Ao visualizar e registrar esse exemplo de trajetória psicológica destrutiva, você pode aprender algo e aprimorar a capacidade de perceber e corrigir seu rumo quando alguma fonte de prazer o impele nessa direção.
A quem assiste o filme, eu recomendo dar atenção ou tentar imaginar o tipo de ideias que a personagem Kirsten cultivou no caminho que a conduziu ao longo dessa mudança radical naquilo que ela via como desejável, valorizável e prazeroso.
Essa tarefa de colocar uma trajetória de vida em perspectiva – colocar passado, presente e futuro em uma linha – e tentar entender que tipo de motivação deslocou a pessoa de uma visão de mundo a outra, é um exercício mental sofisticado, que envolve colocar em contexto a sequência de encontros entre pessoas com diferentes histórias pessoais, temperamentos e valores e atribuir papel a cada um deles.

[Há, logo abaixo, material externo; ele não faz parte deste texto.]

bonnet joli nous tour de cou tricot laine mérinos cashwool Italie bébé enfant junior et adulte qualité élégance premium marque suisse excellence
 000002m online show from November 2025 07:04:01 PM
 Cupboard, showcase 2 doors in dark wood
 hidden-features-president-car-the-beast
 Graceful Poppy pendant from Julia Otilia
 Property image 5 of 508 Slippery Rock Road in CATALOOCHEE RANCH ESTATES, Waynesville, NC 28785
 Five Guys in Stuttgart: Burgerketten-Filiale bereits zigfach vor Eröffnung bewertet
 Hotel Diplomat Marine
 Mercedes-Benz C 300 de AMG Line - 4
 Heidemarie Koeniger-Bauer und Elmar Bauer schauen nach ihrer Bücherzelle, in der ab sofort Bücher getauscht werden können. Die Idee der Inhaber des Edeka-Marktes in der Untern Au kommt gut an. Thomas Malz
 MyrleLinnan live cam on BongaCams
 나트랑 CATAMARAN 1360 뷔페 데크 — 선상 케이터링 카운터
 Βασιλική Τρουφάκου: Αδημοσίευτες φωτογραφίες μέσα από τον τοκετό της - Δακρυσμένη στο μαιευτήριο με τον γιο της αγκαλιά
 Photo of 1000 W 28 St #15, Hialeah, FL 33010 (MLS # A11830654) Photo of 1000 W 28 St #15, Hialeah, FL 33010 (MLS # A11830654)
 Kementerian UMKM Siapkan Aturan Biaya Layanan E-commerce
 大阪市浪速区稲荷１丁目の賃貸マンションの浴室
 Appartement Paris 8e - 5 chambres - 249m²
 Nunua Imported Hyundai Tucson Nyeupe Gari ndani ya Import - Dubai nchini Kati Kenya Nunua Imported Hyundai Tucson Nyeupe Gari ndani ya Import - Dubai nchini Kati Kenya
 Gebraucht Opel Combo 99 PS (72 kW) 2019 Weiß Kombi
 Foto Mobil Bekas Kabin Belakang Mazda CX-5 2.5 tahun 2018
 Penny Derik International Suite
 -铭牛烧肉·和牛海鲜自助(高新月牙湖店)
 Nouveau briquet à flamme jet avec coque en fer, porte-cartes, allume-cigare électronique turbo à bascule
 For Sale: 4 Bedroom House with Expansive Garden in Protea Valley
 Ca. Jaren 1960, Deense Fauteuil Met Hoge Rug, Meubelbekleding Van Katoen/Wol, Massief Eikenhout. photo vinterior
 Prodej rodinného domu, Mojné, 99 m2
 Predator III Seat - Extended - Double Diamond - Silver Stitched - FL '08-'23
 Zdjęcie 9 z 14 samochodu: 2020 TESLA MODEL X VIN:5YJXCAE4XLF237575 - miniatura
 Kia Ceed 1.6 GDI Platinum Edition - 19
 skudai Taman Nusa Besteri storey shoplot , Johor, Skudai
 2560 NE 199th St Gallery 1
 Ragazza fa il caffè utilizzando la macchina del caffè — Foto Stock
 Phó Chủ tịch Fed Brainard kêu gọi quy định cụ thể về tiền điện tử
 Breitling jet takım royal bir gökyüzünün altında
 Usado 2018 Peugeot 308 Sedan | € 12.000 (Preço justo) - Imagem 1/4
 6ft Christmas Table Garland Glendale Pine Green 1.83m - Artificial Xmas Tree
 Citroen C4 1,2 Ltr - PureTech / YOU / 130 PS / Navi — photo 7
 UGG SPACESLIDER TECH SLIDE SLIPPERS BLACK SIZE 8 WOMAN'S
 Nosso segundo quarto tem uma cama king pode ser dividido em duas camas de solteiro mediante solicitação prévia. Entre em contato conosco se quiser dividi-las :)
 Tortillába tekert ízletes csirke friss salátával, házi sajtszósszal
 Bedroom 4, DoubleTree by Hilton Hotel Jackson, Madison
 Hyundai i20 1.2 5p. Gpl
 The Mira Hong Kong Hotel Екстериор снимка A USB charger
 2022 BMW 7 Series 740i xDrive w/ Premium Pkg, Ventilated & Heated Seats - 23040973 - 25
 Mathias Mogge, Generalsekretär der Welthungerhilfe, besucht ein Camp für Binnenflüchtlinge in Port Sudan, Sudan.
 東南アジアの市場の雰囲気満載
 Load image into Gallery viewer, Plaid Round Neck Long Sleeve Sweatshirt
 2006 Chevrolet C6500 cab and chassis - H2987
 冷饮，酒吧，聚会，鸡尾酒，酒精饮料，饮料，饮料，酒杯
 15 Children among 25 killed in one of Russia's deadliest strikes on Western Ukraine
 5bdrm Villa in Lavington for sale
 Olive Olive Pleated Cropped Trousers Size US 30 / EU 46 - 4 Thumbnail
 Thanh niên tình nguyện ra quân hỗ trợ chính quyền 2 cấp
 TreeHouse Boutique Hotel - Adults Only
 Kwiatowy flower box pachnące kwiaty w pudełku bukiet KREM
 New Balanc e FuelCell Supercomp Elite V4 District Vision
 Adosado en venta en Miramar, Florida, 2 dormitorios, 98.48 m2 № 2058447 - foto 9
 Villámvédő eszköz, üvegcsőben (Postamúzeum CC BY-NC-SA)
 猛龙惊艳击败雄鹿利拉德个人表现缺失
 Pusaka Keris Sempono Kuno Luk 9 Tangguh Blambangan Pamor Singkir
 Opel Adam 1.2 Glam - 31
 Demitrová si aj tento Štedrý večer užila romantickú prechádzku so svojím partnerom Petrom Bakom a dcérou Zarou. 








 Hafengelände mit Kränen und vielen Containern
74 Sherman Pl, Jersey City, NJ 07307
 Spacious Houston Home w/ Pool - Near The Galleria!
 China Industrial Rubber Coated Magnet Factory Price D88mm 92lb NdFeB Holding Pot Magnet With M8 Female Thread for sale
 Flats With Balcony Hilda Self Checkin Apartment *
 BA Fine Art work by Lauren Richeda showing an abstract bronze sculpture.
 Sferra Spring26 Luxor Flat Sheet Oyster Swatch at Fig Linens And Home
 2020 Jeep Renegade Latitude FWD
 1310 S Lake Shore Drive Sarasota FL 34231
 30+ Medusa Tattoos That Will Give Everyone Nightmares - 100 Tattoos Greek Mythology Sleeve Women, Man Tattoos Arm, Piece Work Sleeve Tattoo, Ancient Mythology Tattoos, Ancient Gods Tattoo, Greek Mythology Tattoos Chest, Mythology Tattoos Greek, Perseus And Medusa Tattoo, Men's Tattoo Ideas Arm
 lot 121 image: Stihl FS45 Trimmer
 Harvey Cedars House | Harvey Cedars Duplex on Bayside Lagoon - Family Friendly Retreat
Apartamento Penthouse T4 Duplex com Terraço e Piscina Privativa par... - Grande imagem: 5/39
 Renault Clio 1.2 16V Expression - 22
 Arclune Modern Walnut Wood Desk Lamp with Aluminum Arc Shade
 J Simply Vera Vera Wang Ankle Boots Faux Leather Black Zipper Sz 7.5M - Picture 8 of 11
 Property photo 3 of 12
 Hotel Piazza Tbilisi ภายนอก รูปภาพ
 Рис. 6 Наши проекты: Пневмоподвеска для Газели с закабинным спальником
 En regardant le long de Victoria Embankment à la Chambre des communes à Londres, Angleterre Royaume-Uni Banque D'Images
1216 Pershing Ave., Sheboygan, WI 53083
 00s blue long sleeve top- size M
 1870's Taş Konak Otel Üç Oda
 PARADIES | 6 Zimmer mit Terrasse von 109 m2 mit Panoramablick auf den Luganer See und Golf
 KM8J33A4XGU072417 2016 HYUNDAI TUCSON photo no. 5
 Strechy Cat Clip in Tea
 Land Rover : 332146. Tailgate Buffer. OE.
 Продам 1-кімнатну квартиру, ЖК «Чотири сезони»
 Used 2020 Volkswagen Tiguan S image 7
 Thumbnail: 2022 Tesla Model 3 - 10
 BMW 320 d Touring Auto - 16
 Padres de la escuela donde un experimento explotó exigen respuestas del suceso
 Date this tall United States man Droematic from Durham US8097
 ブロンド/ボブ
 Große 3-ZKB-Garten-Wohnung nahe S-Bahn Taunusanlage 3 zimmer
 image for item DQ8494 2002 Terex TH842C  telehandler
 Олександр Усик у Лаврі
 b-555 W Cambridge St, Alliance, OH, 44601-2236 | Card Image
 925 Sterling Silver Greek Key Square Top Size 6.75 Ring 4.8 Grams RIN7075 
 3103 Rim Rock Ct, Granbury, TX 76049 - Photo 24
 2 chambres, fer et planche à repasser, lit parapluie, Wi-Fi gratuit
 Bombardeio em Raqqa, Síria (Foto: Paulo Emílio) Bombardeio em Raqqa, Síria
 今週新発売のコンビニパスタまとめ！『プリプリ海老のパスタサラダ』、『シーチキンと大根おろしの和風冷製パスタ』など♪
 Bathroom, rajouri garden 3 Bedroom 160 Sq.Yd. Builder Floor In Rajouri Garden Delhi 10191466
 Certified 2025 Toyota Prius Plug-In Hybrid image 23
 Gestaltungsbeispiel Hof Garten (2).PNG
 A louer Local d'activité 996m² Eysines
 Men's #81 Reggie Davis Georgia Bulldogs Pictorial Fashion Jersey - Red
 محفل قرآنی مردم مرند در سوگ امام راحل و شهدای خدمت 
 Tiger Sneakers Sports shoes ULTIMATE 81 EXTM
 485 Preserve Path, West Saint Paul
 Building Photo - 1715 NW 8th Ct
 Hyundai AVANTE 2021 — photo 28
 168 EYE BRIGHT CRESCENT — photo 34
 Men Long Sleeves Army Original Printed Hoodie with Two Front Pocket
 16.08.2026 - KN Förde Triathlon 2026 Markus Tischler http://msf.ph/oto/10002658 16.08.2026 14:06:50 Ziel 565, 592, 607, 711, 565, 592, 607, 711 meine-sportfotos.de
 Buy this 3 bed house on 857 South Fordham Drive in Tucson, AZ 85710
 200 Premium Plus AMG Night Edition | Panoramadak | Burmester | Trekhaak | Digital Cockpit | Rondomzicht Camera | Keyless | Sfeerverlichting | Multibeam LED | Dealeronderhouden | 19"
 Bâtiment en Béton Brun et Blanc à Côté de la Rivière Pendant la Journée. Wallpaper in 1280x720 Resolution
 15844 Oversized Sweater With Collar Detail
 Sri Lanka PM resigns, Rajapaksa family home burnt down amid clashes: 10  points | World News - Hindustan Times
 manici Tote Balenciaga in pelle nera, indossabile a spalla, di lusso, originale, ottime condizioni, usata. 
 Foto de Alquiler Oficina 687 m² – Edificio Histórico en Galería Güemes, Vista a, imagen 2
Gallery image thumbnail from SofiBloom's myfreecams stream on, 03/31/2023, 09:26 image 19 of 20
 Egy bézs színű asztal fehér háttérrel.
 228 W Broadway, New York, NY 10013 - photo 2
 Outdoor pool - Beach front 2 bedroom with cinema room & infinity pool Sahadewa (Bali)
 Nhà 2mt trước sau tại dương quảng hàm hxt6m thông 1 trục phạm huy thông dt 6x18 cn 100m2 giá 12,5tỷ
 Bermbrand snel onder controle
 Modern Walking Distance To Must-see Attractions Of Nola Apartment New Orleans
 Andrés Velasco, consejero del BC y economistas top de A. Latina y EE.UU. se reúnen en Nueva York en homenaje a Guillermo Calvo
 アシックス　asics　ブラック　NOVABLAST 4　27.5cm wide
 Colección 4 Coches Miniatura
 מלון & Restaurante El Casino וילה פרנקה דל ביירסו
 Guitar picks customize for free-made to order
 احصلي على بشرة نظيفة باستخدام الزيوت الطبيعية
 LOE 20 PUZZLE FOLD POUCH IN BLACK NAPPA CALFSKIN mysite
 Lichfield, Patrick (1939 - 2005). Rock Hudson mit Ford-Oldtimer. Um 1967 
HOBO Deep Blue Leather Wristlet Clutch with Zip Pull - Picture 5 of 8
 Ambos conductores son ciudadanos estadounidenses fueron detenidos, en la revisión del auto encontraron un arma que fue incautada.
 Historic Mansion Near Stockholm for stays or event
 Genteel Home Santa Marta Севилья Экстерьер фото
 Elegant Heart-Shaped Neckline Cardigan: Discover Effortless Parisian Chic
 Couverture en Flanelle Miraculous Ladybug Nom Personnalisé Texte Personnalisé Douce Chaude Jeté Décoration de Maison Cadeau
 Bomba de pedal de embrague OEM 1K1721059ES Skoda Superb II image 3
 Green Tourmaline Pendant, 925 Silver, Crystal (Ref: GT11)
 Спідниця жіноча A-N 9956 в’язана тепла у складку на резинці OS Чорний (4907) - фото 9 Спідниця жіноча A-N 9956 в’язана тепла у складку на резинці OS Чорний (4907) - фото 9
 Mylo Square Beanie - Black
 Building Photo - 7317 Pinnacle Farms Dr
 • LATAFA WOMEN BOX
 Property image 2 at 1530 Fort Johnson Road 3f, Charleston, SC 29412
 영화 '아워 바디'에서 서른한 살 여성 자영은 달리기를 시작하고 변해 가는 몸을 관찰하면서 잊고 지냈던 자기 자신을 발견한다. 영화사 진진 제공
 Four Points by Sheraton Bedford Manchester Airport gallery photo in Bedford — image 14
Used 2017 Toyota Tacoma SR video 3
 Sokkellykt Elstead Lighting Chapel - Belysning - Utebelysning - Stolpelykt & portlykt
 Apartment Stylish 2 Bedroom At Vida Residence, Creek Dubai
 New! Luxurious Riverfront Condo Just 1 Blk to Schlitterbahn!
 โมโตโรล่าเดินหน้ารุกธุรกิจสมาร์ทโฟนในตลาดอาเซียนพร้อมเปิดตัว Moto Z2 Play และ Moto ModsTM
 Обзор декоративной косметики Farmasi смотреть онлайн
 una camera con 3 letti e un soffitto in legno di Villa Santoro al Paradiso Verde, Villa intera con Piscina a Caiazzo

Essa “faculdade mental” de monitorizar e questionar as próprias motivações, quando bem cultivada, tem poder de iluminar, fortalecer e produzir transformações positivas que vão muito além da prevenção do vício em álcool, como é objeto do filme.
Junto do processo biológico em que drogas ou outros vícios sequestram e monopolizam os circuitos cerebrais envolvidos na motivação e prazer, há sempre uma correspondente transformação psicológica no que a pessoa vê como desejável, prazeroso e tenha significado.
Ao imaginar essa transformação, ao criar o seu próprio retrato mental de tal trajetória, você pode estar registrando um padrão que lhe permitirá reconhecer quando você cair em uma tentação parecida. Não importa a precisão do seu retrato. Cada pessoa cria um retrato mental diferente. Uma mesma palavra pode ser entendida de maneiras diferentes por cada um. Em um nível alto de compreensão é difícil traduzir em poucas palavras aquilo que entendemos. O importante é investir em continuar ampliando e sofisticando seu próprio vocabulário mental, algo que um bom filme ou livro sempre tem poder de produzir.